Data block section start
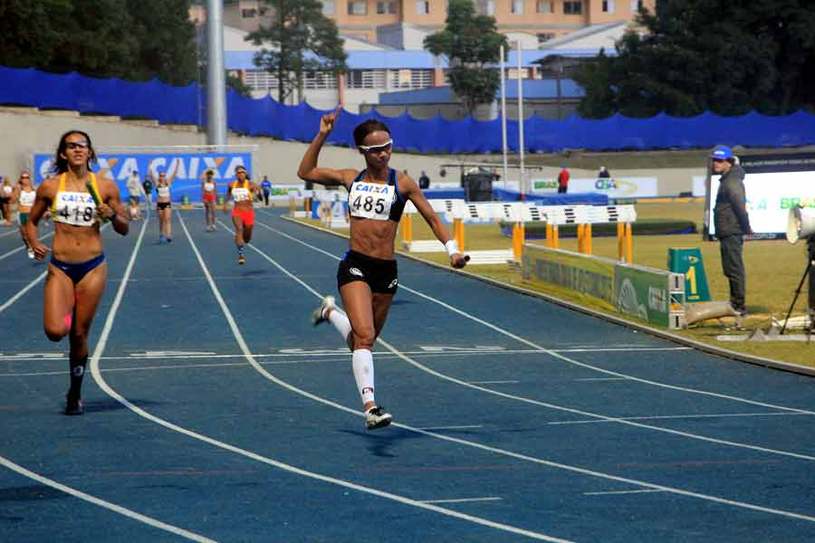 Clube Pinheiros levou a melhor no revezamento 4x100 Foto: Christina Volpe/Webrun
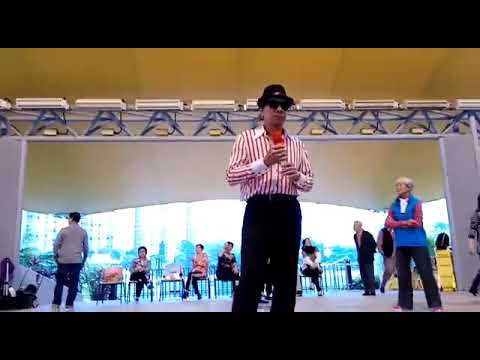 旺角羅文表演嘉賓 情歌王子Simon演唱（聽風的歌）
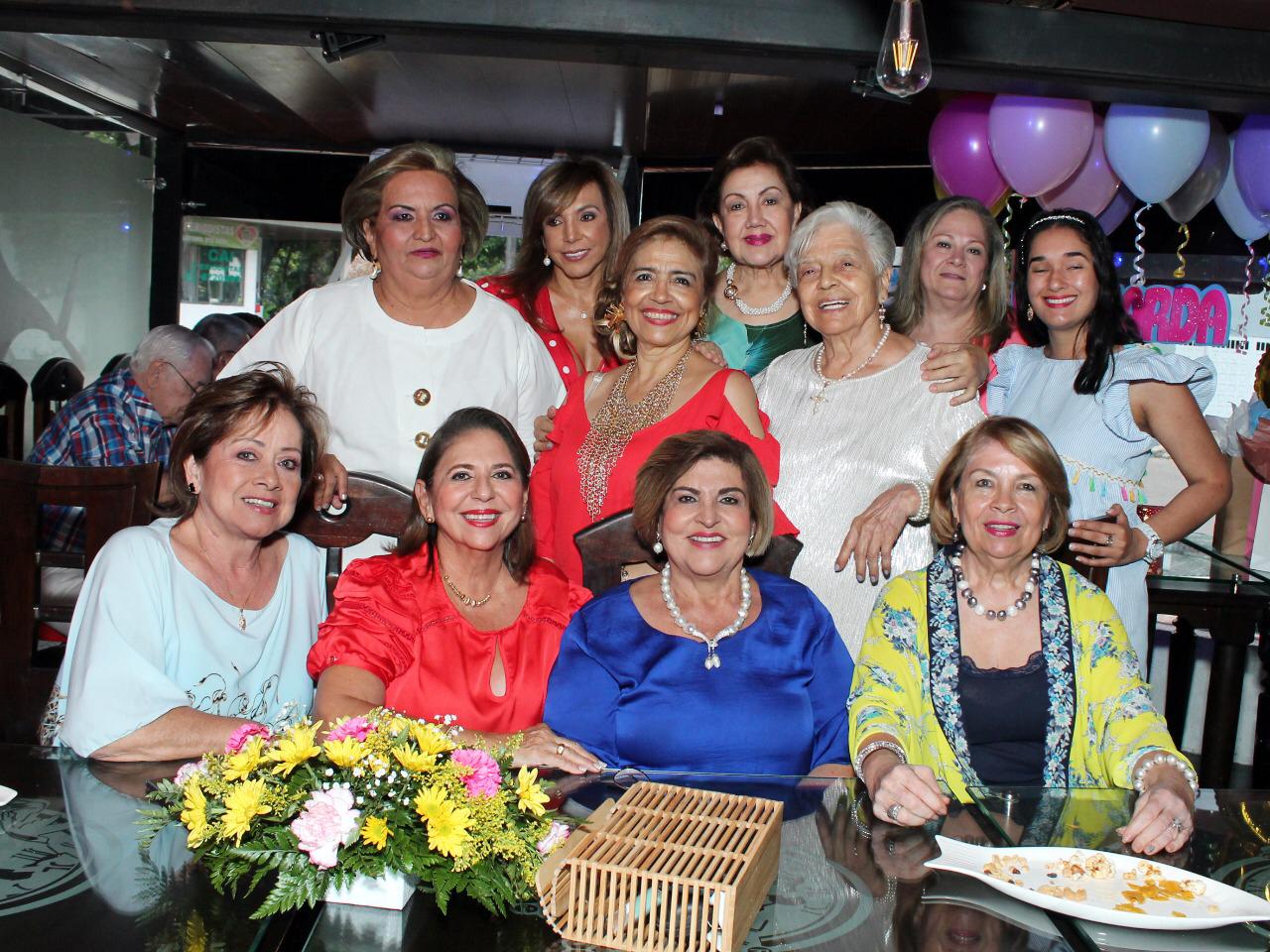 Beatriz Rojas, Nancy de Salas, Rosmery de Chacón y Esneda de Valencia. De pie de izquierda a derecha: Esperanza De Zamora, Fanny Pérez, Ana Cristina Rincón, Olga Bahamon, Bernarda Viatela, Martha Escobar y Tatiana Guevara. Beatriz Rojas, Nancy de Salas, Rosmery de Chacón y Esneda de Valencia. De pie de izquierda a derecha: Esperanza De Zamora, Fanny Pérez, Ana Cristina Rincón, Olga Bahamon, Bernarda Viatela, Martha Escobar y Tatiana Guevara.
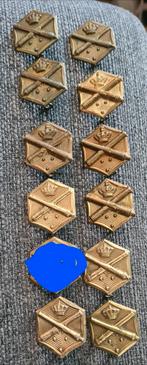 Artillerie schouderemblemen., Verzamelen, Embleem of Badge, Nederland, Ophalen of Verzenden, Landmacht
Data block section end
• _Task details_
Please print the entire listing again exactly, minus its images.

• _Output_
 Clube Pinheiros levou a melhor no revezamento 4x100 Foto: Christina Volpe/Webrun
 旺角羅文表演嘉賓 情歌王子Simon演唱（聽風的歌）
 Beatriz Rojas, Nancy de Salas, Rosmery de Chacón y Esneda de Valencia. De pie de izquierda a derecha: Esperanza De Zamora, Fanny Pérez, Ana Cristina Rincón, Olga Bahamon, Bernarda Viatela, Martha Escobar y Tatiana Guevara. Beatriz Rojas, Nancy de Salas, Rosmery de Chacón y Esneda de Valencia. De pie de izquierda a derecha: Esperanza De Zamora, Fanny Pérez, Ana Cristina Rincón, Olga Bahamon, Bernarda Viatela, Martha Escobar y Tatiana Guevara.
 Artillerie schouderemblemen., Verzamelen, Embleem of Badge, Nederland, Ophalen of Verzenden, Landmacht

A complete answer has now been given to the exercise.